Collected data:
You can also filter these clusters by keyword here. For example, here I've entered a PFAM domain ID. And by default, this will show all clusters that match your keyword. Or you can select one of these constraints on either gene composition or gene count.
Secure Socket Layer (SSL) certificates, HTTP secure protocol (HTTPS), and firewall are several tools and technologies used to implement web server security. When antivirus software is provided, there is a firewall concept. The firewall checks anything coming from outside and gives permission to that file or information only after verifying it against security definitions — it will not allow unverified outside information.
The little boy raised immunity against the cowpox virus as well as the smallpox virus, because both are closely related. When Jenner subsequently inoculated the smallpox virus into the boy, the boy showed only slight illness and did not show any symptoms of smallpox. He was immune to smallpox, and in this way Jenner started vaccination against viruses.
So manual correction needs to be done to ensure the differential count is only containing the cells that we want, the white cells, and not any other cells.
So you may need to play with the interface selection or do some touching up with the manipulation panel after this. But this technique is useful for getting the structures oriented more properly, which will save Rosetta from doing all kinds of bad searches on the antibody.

### [PROBLEM DESCRIPTION]
Your answer must consist of every line above, reproduced exactly.

### [TASK SOLUTION]
You can also filter these clusters by keyword here. For example, here I've entered a PFAM domain ID. And by default, this will show all clusters that match your keyword. Or you can select one of these constraints on either gene composition or gene count.
Secure Socket Layer (SSL) certificates, HTTP secure protocol (HTTPS), and firewall are several tools and technologies used to implement web server security. When antivirus software is provided, there is a firewall concept. The firewall checks anything coming from outside and gives permission to that file or information only after verifying it against security definitions — it will not allow unverified outside information.
The little boy raised immunity against the cowpox virus as well as the smallpox virus, because both are closely related. When Jenner subsequently inoculated the smallpox virus into the boy, the boy showed only slight illness and did not show any symptoms of smallpox. He was immune to smallpox, and in this way Jenner started vaccination against viruses.
So manual correction needs to be done to ensure the differential count is only containing the cells that we want, the white cells, and not any other cells.
So you may need to play with the interface selection or do some touching up with the manipulation panel after this. But this technique is useful for getting the structures oriented more properly, which will save Rosetta from doing all kinds of bad searches on the antibody.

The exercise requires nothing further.